Why AllGather() fails in for loops with different iteration values?

I've coded following code to experiment with AllGather():

from mpi4py import MPI

comm = MPI.COMM_WORLD
rank = comm.Get_rank()

a = None
if rank == 0:
a = 2
if rank == 1:
a = 3
z = 2
for i in range(0, a):
z = comm.allgather(z)

print(z, rank)
comm.barrier()


I run it as follows:


mpiexec -n 2 python3 allgather.py


I get the following output:


[[2, 2], [2, 2]] 0


The 2nd processor is stuck and program doesn't terminate.

The output should be:


[[2, 2], [2, 2]] 0

[[2, 2], [2, 2], [2, 2]] 1


I fail to see why 2nd processor gets stuck. It runs correctly if I set a = 2
in both processors. What am I doing wrong?

H2O H2O
Answer

The second process gets stuck because it is trying to gather from all processes, the second process is waiting for the first to join it in the allgather() operation and will wait indefinitely for this to happen.

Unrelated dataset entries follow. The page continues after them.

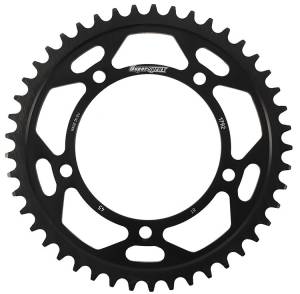 REAR EDGE SPROCKET STEEL 45T-525 BLK HAY/SUZ/TRI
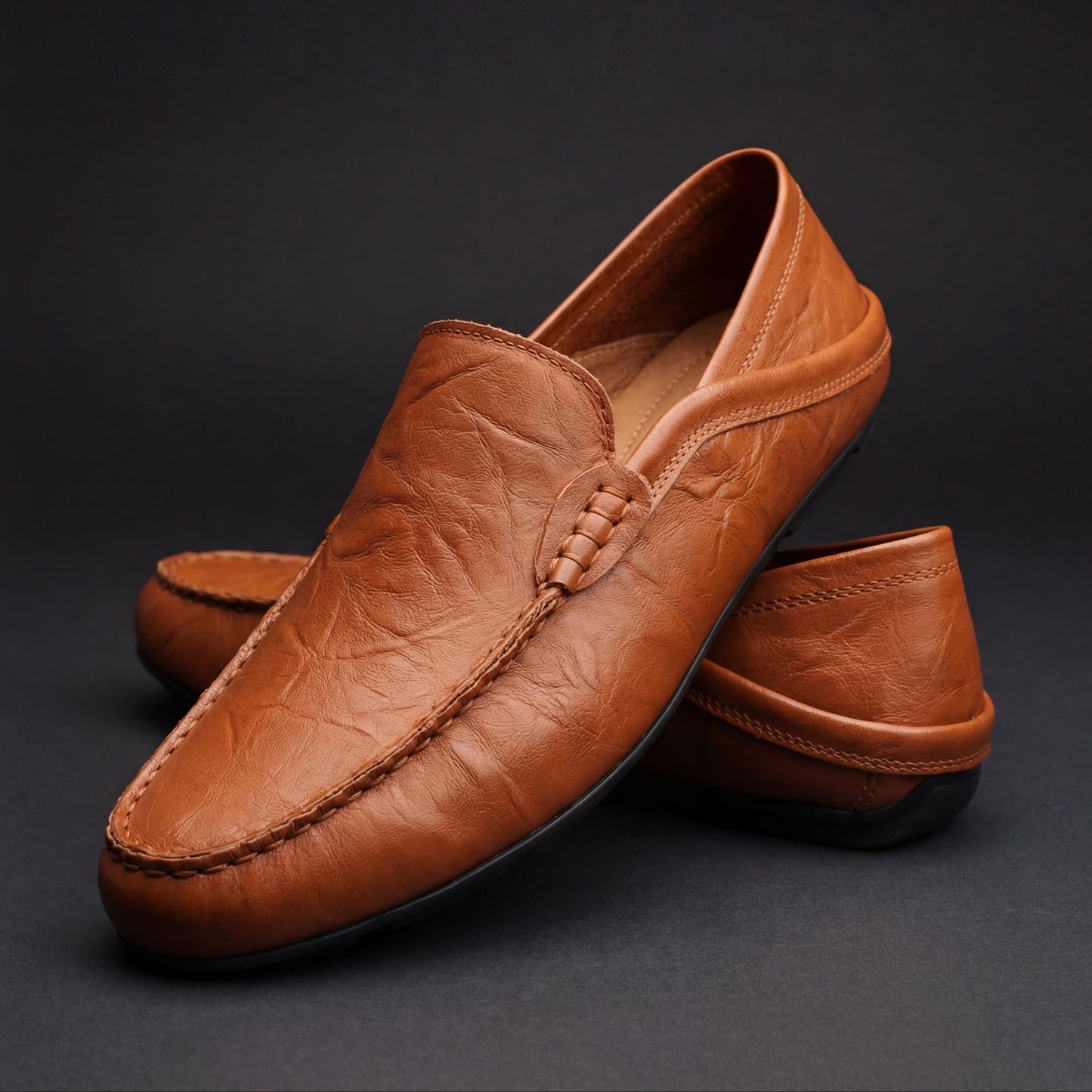 VELTORA LEATHER LOAFERS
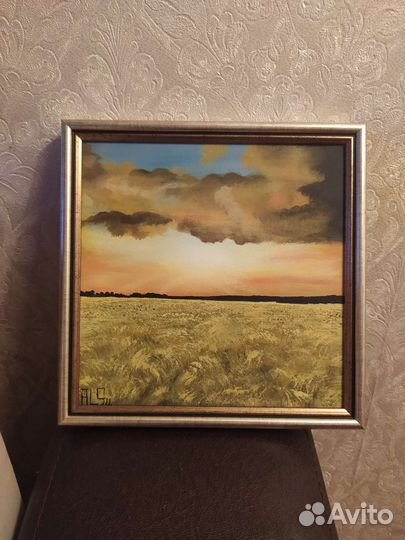 Картина маслом на холсте пейзаж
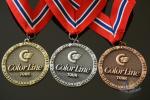 Noway Country Large Award Medals Recessed With Texture Antique Gold Silver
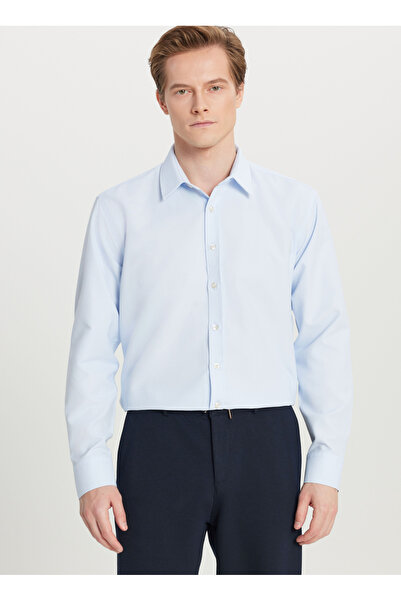 ALTINYILDIZ CLASSICS Regular Fit Klasik Yaka Açık Mavi Erkek Gömlek ACE020261598_AMV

It's kind of hard to tell you a good way to fix this without knowing a practical application. But generally all processes will have to partake in a gather operation, the simple fix is to just let process 0 partake without using the result:

from mpi4py import MPI

comm = MPI.COMM_WORLD
rank = comm.Get_rank()

a = None
if rank == 0:
    a = 2
if rank == 1:
    a = 3
z = 2
old_z = None
for i in range(0, a):
    if i == a-1:
        old_z = z 
    z = comm.allgather(z)

if rank == 0:
    comm.allgather(old_z)

print(z, rank)
comm.barrier()

This is not a very elegant solution but it does provide your desired output. Note how I had to store the value of z from the processes previous iteration to get anything close to your desired behavior.

If we don't store the previous value of z we get the following result:

[[2, 2], [2, 2]] 0

[[[2, 2], [2, 2]], [[2, 2], [2, 2]]] 1